ENTRIES SHOWN START

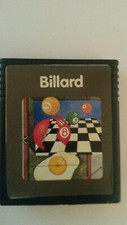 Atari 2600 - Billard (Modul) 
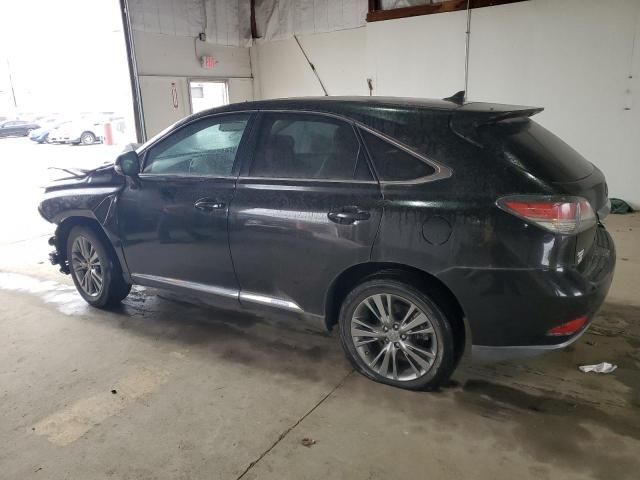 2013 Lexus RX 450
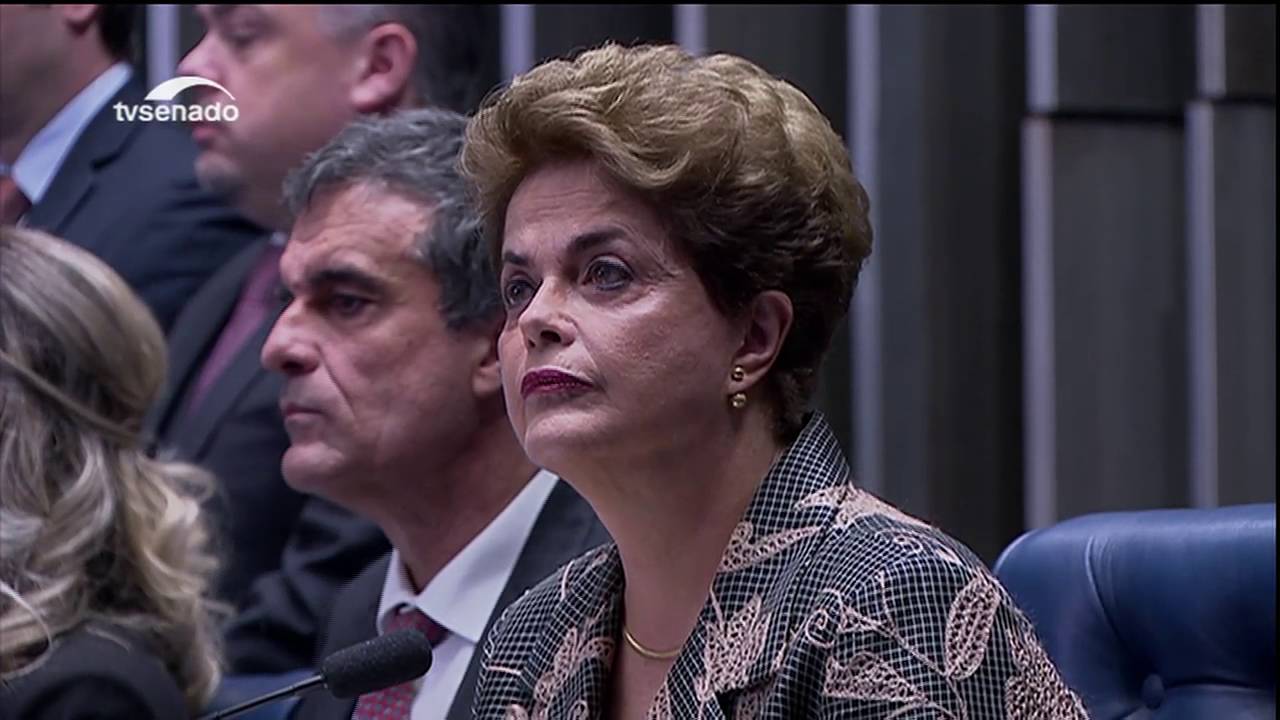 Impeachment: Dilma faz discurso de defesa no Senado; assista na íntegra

ENTRIES SHOWN END
ENTRIES SHOWN START

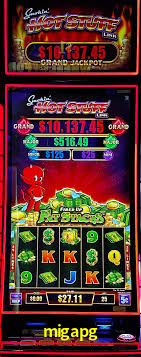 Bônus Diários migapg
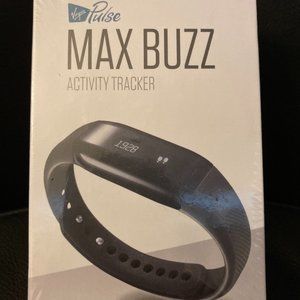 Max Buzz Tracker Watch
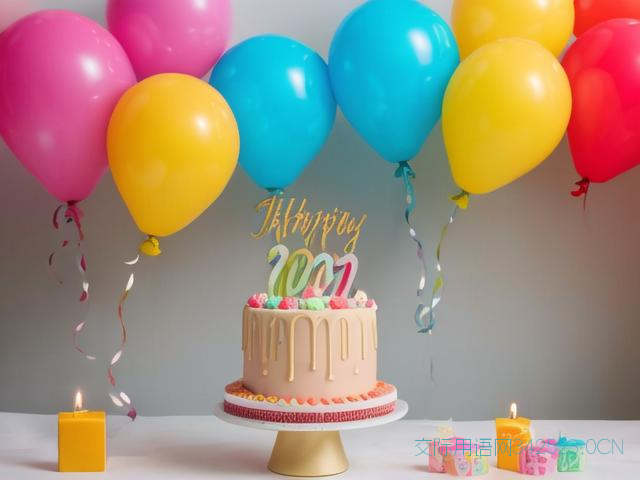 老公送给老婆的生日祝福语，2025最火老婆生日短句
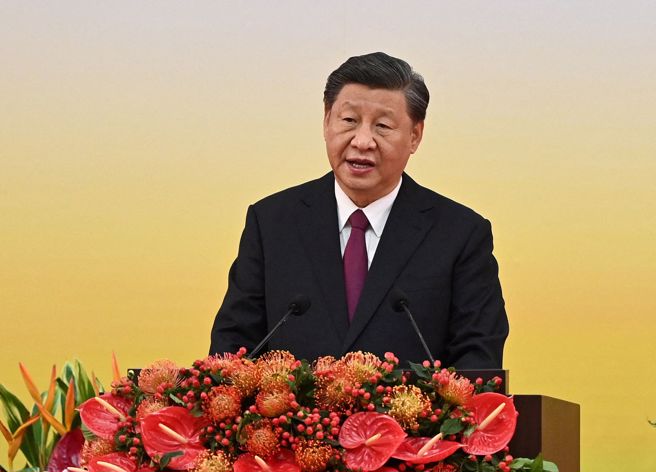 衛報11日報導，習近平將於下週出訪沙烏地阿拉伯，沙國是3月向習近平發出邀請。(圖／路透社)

ENTRIES SHOWN END

### WHAT THE EXERCISE ASKS
Using the records above, return verbatim only the part that opens with the line containing "老公送给老婆的生日祝福语，2025最火老婆生日短句" and closes with the line containing "衛報11日報導，習近平將於下"; pictures stay out.

### REPLY TO THE EXERCISE
 老公送给老婆的生日祝福语，2025最火老婆生日短句
 衛報11日報導，習近平將於下週出訪沙烏地阿拉伯，沙國是3月向習近平發出邀請。(圖／路透社)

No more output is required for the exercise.